The video game Tetris can be found on computers in almost any lab; grad students need entertainment too, after all. Now researchers have put the game to scientific use--and found that vivid images of Tetris appear to new players as they are drifting off to sleep. Amnesics also see the pieces, a finding that narrows down how memories take hold during sleep.
There are many kinds of memories; some, called "explicit," mean that you can remember a past experience. People with damage to their hippocampus and surrounding brain structures can't build new explicit memories. If amnesics play Tetris, take a short break, and then return to the game room, they don't remember the game or even having met the experimenter who just taught them how to play.
In what he calls a serendipitous design, psychologist Robert Stickgold of Harvard Medical School in Boston and colleagues decided to include five people with amnesia in a study of sleep and learning, using Tetris as an example of learning a complex skill. The amnesics, along with 12 novice Tetris players, spent several hours playing the game over the course of 3 days. The experimenters then woke the players up repeatedly during the first hour of sleep on the following nights, during a phase of light sleep called Stage 1. Nine of 12 novices reported seeing Tetris pieces spinning and falling--just as they do in the game--as they were drifting off.

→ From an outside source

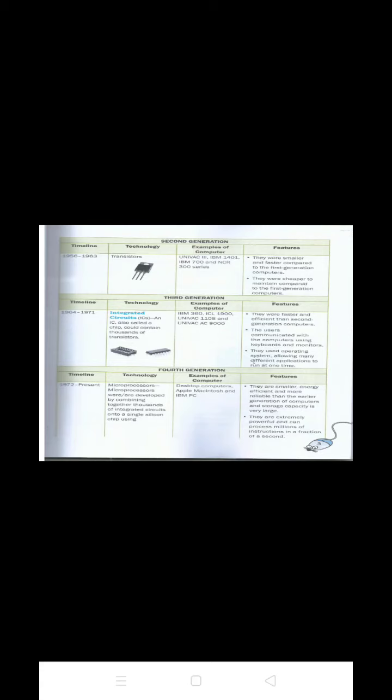Example of third generation of computer is IBM 360, ICL, UNIVAC 1108 and UNIVAC 9000. Fourth generation of computer. The time period of fourth generation computer is 1971 to present. The fourth generation computer used microprocessor as thousands of integrated circuits were built onto a single silicon chip. What in the first generation computer filled an entire room could now fit in the palm of the hand. Computers became very powerful with large storage capacity. Now computers could be linked together to form networks and share resources.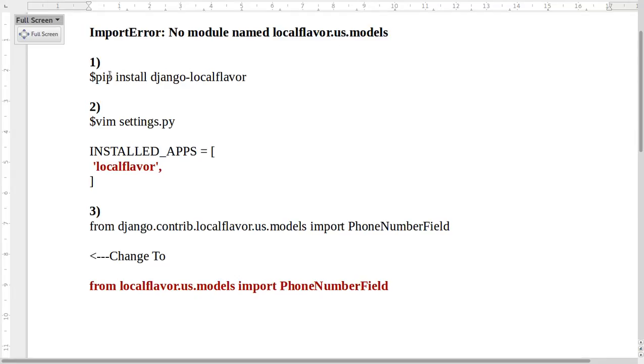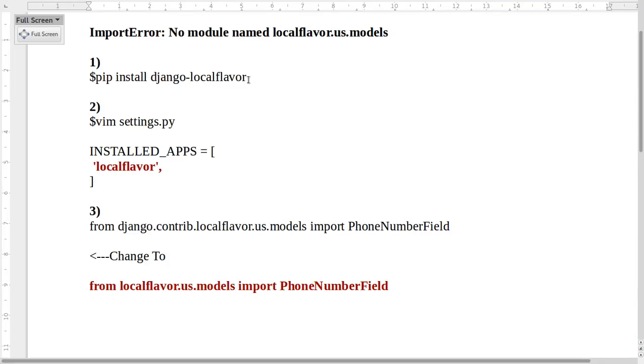First, we need to install django-localflavor. Local Flavor is now a third-party app, so we need to install localflavor. We can run this command: pip install django-localflavor to install this module.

Similarly, the amnesics reported seeing, in the words of one, "images that are turned on their side. I don't know what they are from. I wish I could remember, but they are like blocks."
The finding, reported  in the 13 October issue of Science, suggests that the "parts of the brain responsible for the inability to learn must be different from those responsible for the images," says Richard Haier of the University of California, Irvine. Stickgold suspects Stage 1 sleep images occur as people unconsciously relive their day's experiences and extract what's meaningful. Even though amnesics can't remember the game because of damage to the hippocampus, he says, their brains still reprocess the images.